Your answer should repeat exactly the lines from the one holding "mm von dissot" through the end of the data, and it should contain no pictures.

# [The data]
######

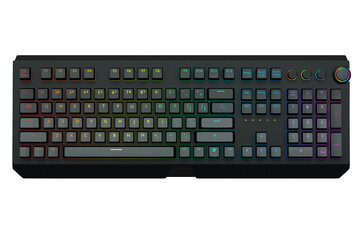 Black computer keyboard with rgb colors isolated on white background.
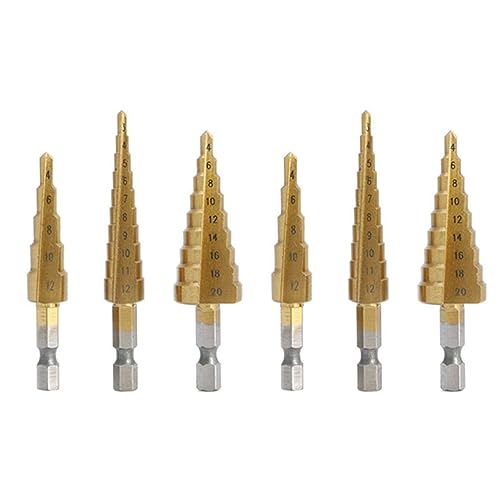 dissot 6 Stück Bohrer, aus Stahl, Elektrowerkzeuge, Kegelschneider, Lochschneider aus Metall, mit Titan, Wechsel des Sechskantschafts, 1/4 Zoll, 3 – 12 mm/4 – 12 mm/4 – 20 mm dissot 6 Stück Bohrer, aus Stahl, Elektrowerkzeuge, Kegelschneider, Lochschneider aus Metall, mit Titan, Wechsel des Sechskantschafts, 1/4 Zoll, 3 – 12 mm/4 – 12 mm/4 – 20 mm von dissot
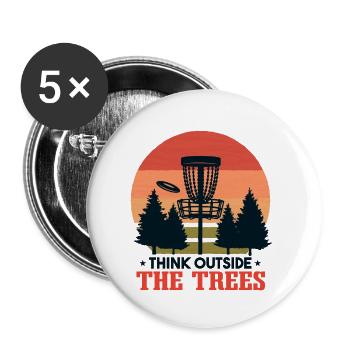 Retro Disc Golf Vintage - Buttons klein 25 mm (5er Pack) - Weiß - Vorne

######

# [Your solution]
 dissot 6 Stück Bohrer, aus Stahl, Elektrowerkzeuge, Kegelschneider, Lochschneider aus Metall, mit Titan, Wechsel des Sechskantschafts, 1/4 Zoll, 3 – 12 mm/4 – 12 mm/4 – 20 mm dissot 6 Stück Bohrer, aus Stahl, Elektrowerkzeuge, Kegelschneider, Lochschneider aus Metall, mit Titan, Wechsel des Sechskantschafts, 1/4 Zoll, 3 – 12 mm/4 – 12 mm/4 – 20 mm von dissot
 Retro Disc Golf Vintage - Buttons klein 25 mm (5er Pack) - Weiß - Vorne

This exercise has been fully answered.